Well, by drawing a free body diagram of the mass "m", I'm seeing a horizontal force by the wedge and the vertical gravitational force. Since F = m*a, the two forces correlate with an acceleration. One acceleration is horizontal "A" and the other is vertical "g". The angle of the wedge doesn't matter much since there is no friction.

I may be wrong, of course, but it seems like its the answer.

3. Jun 18, 2009

### ozymandias

Smells like Kleppner & Kolenkow to me ... :)

It took me a while to zero in on it because it's so subtle.
Your horizontal force equation is the problem.

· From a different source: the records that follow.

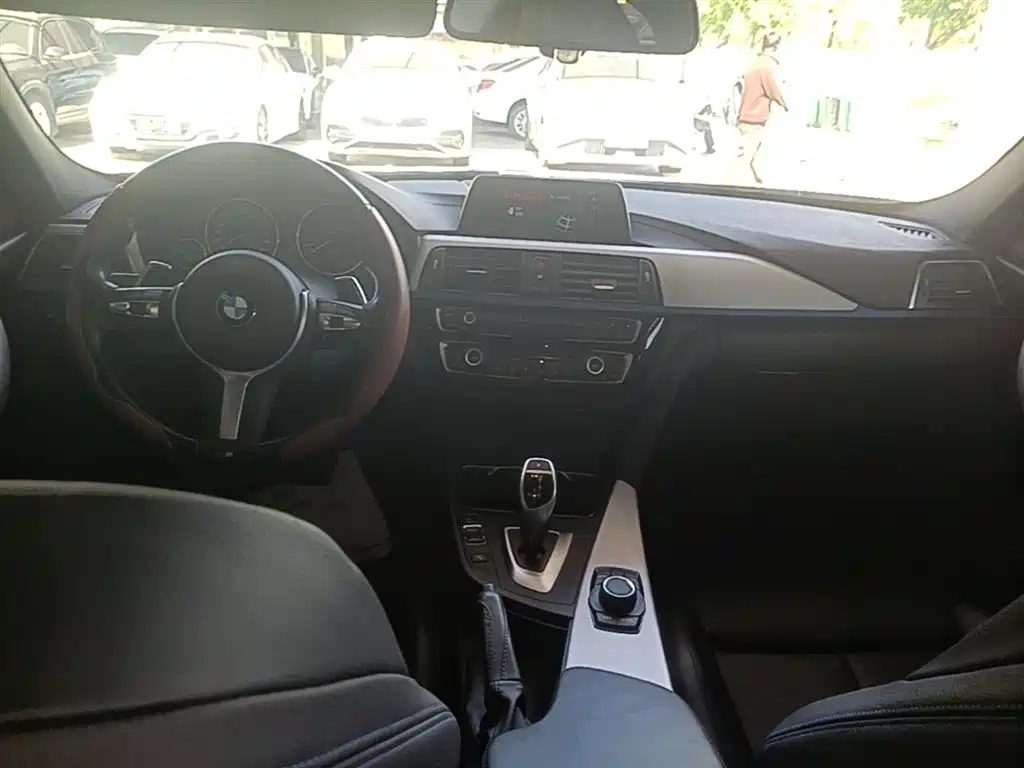 BMW 3 Series 2019 320i M Sport Package фото 10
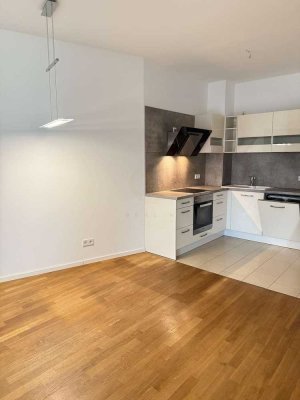 Moderne Wohnung mit Aufzug und Balkon ideal für Paare und junge Familien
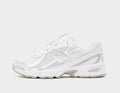 New Balance 740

There shouldn't be a -mA there. x is the distance to the mass as measured in an inertial system (and NOT from the wedge's origin), and you're also working in an inertial system, so -mA shouldn't be there.

-----
Assaf
http://www.physicallyincorrect.com" [Broken]

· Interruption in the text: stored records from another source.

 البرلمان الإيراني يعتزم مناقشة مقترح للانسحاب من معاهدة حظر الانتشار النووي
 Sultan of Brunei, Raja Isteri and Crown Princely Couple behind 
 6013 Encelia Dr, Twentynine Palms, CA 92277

Last edited by a moderator: May 4, 2017
4. Jun 18, 2009

### Patta1667

Yup, I figured K & K looked like a good intro to mechanics choice. Did you encounter this book yourself or from classes?

Thanks! I see the mistake now, it works:

$$A = x'' + y''$$

$$mx'' = \frac{N}{\sqrt{2}}$$

$$my'' = \frac{N}{\sqrt{2}} - mg$$

This means:

$$x'' = y'' + g \implies A = 2y'' + g$$

Plugging in A = 3g,

$$3g = 2y'' + g \implies y'' = g$$

Last edited by a moderator: May 4, 2017
5. Jun 19, 2009

### ozymandias

I found it in the library in my first ever semester at uni.
Ah, the memories :). It's known for its extra-tough problems. If you can solve all of them, you can easily get into an honors class, I think. I personally think it's superb, but it's not easy.
Another good book to have is David Morin's book, as it has many problems with detailed solutions (although, on the other hand, I wouldn't be able to resist the temptation and check out the solutions - sometimes having no solutions is better in a sense!).

-----
Assaf
http://www.physicallyincorrect.com" [Broken]

Last edited by a moderator: May 4, 2017
6. Jun 20, 2009

### Patta1667

I'm heading into my senior year of high, but I'll be taking some sort of general physics class at a local uni in the fall so I need to prepare bigtime! I'll make sure to write down Morin's name, thanks!